NBA Commissioner David Stern gave a surprising response to sports radio host Jim Rome's question about the NBA Draft lottery being rigged Wednesday.
When Rome, who acknowledged it was a conspiracy theory from the get-go, asked if the fix was in for New Orleans to get the #1 pick, Stern replied:
"Uh, you know, I have two answers for that. I'll give you the easy one - no - and a statement: Shame on you for asking." That's it, right? Wrong.
When Rome pressed on, Stern bristled, asking him, "Have you stopped beating your wife yet?" Thrown off, Rome said, "Yeah, I don't know if that's fair."
"I just don't know that that's fair."
Stern, of course, wasn't actually asking if Rome stopped beating his wife.
He was evoking a rhetorical move of sorts, intended to put an opponent in an untenable position and to prove a point about Rome's inquiry.
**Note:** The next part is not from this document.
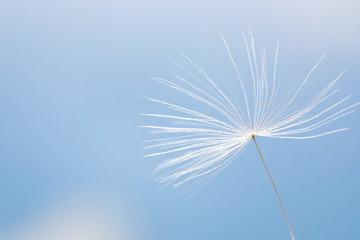 a dandelion seed with a Dewdrop stands in the water close up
If Jim Rome responds yes or no (he did neither) ... he's saying that he's been beating on his wife. You incriminate yourself just by participating.
The point Stern was making, it appears, is that in order for him to respond to Rome at all, he must acknowledge that the leagues has rigged lotteries.
Fair enough ... but was it really necessary to evoke domestic violence during a sports radio interview? Also, there is a way to answer Rome's question.
Stern did moments earlier. It ended with "Shame on you for asking."